Desde 2019 a Receita Federal, numa atitude democrática digna de todo o louvor, vem propondo ideias para se reduzir essas divergências. Por exemplo, duas contabilidades totalmente separadas (o pior dos mundos na minha opinião); ou então uma tal de Demonstração do Lucro Fiscal, onde o lucro tributável não nasceria do lucro contábil, mas a partir de puxadas de saldos de algumas contas e de outras fontes (receitas a partir dos controles de notas fiscais, por exemplo).
Outra ideia discutida: inversão de procedimento, escriturando-se a contabilidade pelos critérios fiscais e depois, em registros auxiliares, ajustes para se chegar ao lucro contábil segundo as IFRS; esta última alternativa, chamada de LALUC (livro de apuração do lucro contábil) seria nos modelos do atual LALUR (livro de apuração do lucro… do Rei Leão), chegou a constar da Lei 11.638/07, mas foi revogada no ano seguinte. Facilitaria todo o trabalho da RFB, mas poderia induzir muitas empresas não subordinadas a órgãos reguladores a ficarem só com a contabilidade fiscal, o que seria um retrocesso inaceitável para o país na nossa opinião.
Tem-se procurado fazer com que a Receita Federal também ofereça algo para, numa negociação democrática com as empresas, uma chance de forte redução dessas diferenças entre os dois lucros ocorra.
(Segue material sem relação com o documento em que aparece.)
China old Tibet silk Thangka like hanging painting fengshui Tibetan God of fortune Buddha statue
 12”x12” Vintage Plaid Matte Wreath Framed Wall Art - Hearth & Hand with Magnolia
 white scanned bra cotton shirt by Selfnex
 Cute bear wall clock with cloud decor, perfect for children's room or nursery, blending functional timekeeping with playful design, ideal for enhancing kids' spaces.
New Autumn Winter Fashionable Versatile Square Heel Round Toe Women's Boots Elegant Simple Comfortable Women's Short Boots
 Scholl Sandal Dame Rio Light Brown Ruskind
Por exemplo, porque ela não aceita para fins fiscais a figura do AVP – ajuste a valor presente, que implica em milhares e milhares de controles dos estoques de matérias-primas, mercadorias, produtos acabados, custo dos produtos vendidos, depreciações etc.? E por que não aceita a nova norma sobre aluguéis e arrendamentos que substituiu a despesa ou o custo de aluguel pela soma da depreciação dos ativos representativos dos direitos de uso e das despesas financeiras dos passivos de arrendamento? E assim podem ser discutidos outros pontos de reaproximação entre os dois lucros.
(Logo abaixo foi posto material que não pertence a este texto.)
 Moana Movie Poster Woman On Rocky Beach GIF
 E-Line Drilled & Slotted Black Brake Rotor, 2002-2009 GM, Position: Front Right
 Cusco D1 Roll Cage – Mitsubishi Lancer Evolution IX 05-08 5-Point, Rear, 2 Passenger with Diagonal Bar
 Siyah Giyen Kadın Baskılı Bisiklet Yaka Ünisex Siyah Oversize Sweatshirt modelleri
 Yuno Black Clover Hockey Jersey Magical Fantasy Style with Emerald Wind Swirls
Quem sabe uma combinação dessas alternativas e outras possam surgir, porque a Receita está por demais preocupada com a situação, e está aberta à conversa; mas não podemos correr o risco de qualquer mudança nessa política de diálogo aberto e democrática por algo instituído de forma unilateral. Vamos sentar, dialogar e, provavelmente, tomar boas iniciativas! Mas há que se agir rápido. O Rei Leão está sorrindo, mas está incomodado; e as empresas estão gastando tempo e dinheiro com as diferenças de hoje.
* Eliseu Martins é professor emérito e professor sênior das FEAs-USP de São Paulo e Ribeirão Preto. Ex-diretor da Comissão de Valores Mobiliários (CVM) e do Banco Central.